Prediction by Expectation#

We can take advantage of the Law of Averages if what we like to predict, \(Y\), is a random variable. However, if all we have is some data that is a random variable \(X\), then the prediction for \(Y\) can be expressed as the conditional expectation on \(X\),

\[ \hat y(x) = E(Y \mid X = x) \]
\[ \hat y(X) = E(Y \mid X) \]

Let’s define the error to be the residual from the true value,

\[ \varepsilon = Y - \hat y(X) \]

A few key facts:

  • The expectation of the error is zero $\(E(\varepsilon) = 0\)$

  • The expectation of the best estimator and true value is equal $\(E(\hat y(X)) = E(Y)\)$

  • The best estimator and deviance are uncorrelated (not necessarily independent). $\(\text{Cov}\left[ \hat y(X), \varepsilon \right] = 0\)$

Let’s take a look at the variance. We define two deviances of \(Y\) and \(\hat y\) as,

\[ D_Y = Y - E(Y) \]
\[ D_{\hat y} = \hat y(X) - E(Y) \]

They are related by,

\[ D_Y = D_{\hat y} + \varepsilon \]

The two terms \(D_{\hat y}\) and \(\varepsilon\) are uncorrelated because \(D_{\hat y}\) is a function of \(X\). The variance of \(D_Y\) is then,

\[ \text{Var}(D_Y) = \text{Var}(D_{\hat y}) + \text{Var}(\varepsilon) \]

Some facts:

  • The variance of the deviance of \(Y\) is the same as the variance of \(Y\)

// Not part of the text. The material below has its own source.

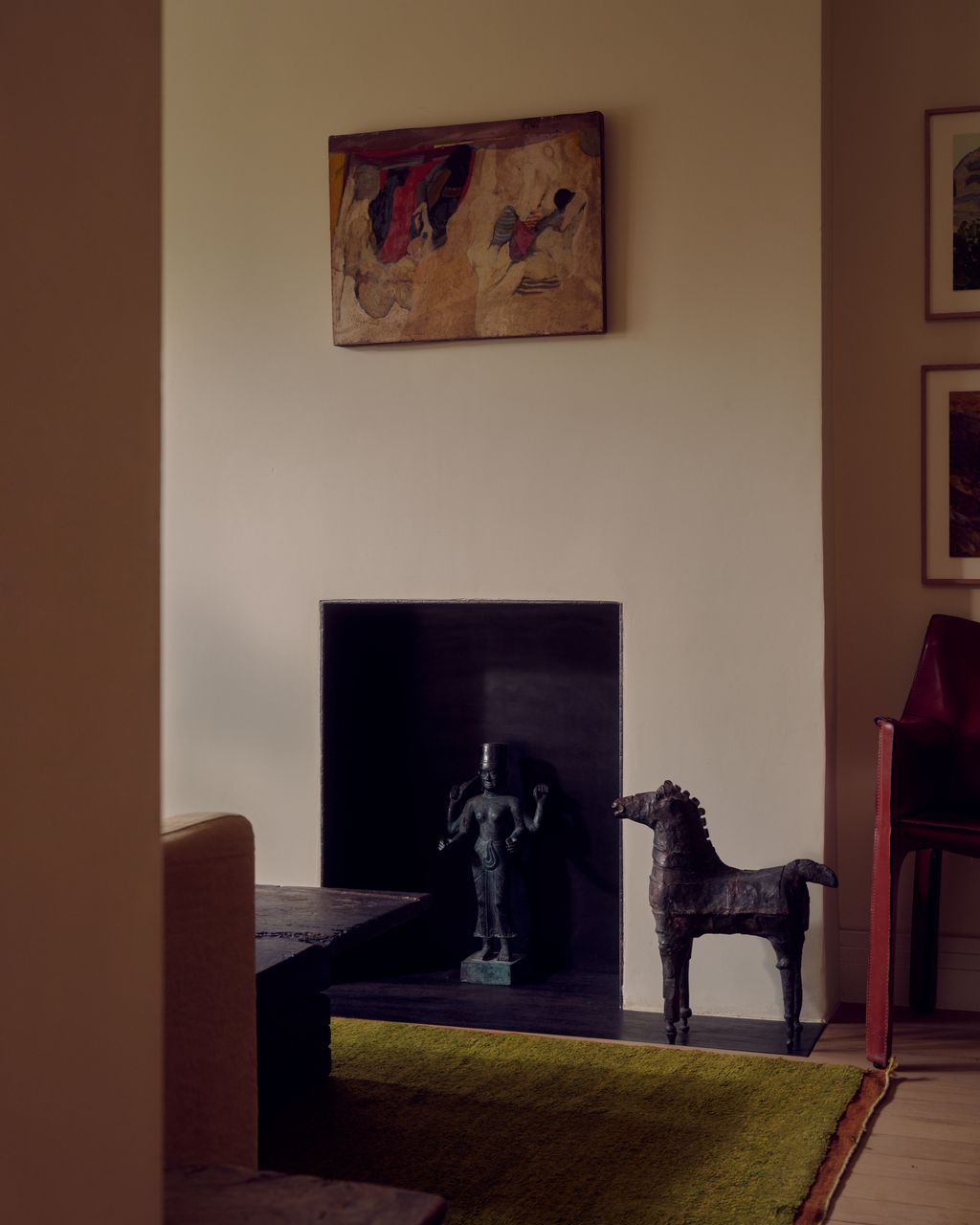 Image may contain Fireplace Indoors Interior Design Art Painting Chair Furniture Home Decor Adult Person and Rug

    \[ \text{Var}(D_Y) = \text{Var}(Y) \]
  • The variance of the deviance of \(\hat y\) is the same as the variance of the best estimator

    \[ \text{Var}(D_{\hat y}) = \text{Var}(\hat y(X)) \]
  • The variance of the residual error is,

    \[\begin{split} \begin{align*} \text{Var}(\varepsilon) &= E(\varepsilon^2) \\ &= E(E(Y - \hat y(X))^2 \mid X)\\ &= E(\text{Var}(Y \mid X)) \end{align*} \end{split}\]

    Where,

    \[ \text{Var}(Y \mid X) \equiv E\left[(Y - E(Y \mid X))^2 \mid X \right] \]

    So,

    \[ \text{Var}(\varepsilon) = E(\text{Var}(Y \mid X)) \]

We can now fully express \(\text{Var}(D_Y)\) as,

\[ \text{Var}(D_Y) = E(\text{Var}(Y \mid X)) + \text{Var}(E(Y \mid X)) \]